= Beginning of Section =
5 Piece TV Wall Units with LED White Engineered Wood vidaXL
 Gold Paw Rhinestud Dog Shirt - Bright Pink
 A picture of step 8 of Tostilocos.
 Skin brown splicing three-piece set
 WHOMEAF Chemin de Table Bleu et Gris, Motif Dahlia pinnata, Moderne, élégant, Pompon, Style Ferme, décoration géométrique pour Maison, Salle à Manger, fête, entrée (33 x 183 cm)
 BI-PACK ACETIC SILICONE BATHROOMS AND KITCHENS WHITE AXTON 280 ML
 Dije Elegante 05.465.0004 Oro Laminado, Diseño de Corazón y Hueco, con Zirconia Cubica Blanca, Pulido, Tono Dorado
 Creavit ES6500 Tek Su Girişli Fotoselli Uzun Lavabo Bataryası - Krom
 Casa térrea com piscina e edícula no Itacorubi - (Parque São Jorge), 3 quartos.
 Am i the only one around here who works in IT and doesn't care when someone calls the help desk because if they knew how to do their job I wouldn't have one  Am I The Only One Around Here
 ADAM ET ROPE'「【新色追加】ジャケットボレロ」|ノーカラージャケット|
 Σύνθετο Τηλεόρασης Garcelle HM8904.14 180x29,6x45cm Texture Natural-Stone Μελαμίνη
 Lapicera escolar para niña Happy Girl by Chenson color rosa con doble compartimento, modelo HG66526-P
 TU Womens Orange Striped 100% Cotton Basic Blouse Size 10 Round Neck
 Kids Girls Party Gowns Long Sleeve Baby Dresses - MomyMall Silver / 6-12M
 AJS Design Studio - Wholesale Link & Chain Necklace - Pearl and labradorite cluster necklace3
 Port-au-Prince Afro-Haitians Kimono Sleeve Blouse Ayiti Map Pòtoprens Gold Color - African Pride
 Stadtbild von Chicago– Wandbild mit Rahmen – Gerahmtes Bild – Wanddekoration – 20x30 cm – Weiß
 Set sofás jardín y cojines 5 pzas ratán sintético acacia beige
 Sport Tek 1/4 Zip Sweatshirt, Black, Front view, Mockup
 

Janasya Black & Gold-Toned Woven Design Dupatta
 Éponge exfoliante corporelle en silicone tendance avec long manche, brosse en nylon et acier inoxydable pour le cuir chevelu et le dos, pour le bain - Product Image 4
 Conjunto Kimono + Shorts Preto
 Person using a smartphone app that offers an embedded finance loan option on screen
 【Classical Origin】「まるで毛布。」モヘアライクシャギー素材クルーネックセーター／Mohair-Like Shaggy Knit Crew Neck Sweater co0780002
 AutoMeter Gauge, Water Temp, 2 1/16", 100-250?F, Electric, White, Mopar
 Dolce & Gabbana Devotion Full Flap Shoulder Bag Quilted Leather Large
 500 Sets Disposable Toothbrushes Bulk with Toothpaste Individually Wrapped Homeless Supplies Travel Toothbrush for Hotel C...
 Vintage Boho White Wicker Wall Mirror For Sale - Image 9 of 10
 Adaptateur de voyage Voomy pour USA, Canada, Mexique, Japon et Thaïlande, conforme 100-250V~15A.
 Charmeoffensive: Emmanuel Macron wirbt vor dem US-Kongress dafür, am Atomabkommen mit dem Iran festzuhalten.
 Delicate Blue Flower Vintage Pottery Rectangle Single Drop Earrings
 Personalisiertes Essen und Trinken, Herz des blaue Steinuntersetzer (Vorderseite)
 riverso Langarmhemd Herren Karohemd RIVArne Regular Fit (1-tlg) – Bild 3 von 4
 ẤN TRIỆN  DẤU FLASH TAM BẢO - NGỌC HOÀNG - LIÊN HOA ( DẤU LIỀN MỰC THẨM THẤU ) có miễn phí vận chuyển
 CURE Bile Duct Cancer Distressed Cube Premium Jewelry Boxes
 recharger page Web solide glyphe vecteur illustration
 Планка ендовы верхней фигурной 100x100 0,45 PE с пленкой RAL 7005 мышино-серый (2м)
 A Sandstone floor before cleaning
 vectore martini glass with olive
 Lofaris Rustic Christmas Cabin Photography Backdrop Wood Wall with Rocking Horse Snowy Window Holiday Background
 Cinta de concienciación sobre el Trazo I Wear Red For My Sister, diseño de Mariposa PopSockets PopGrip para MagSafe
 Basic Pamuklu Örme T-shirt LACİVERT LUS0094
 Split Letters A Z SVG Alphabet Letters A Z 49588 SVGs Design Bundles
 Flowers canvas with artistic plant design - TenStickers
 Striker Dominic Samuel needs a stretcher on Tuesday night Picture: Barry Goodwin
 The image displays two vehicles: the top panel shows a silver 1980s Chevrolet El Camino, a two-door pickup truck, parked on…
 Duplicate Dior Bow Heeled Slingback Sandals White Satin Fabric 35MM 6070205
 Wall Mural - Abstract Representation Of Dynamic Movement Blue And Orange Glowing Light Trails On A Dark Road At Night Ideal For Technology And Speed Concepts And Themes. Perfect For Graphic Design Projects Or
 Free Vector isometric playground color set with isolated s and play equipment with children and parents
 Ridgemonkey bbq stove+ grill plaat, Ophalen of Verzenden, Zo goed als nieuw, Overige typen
= End of Section =
__What you need to do__:
Starting at the line with "Wall Mural - Abstract" and ending at the line with "Free Vector isometric", print each line of the listing above exactly, with no other lines.

__Answer to this exercise__:
 Wall Mural - Abstract Representation Of Dynamic Movement Blue And Orange Glowing Light Trails On A Dark Road At Night Ideal For Technology And Speed Concepts And Themes. Perfect For Graphic Design Projects Or
 Free Vector isometric playground color set with isolated s and play equipment with children and parents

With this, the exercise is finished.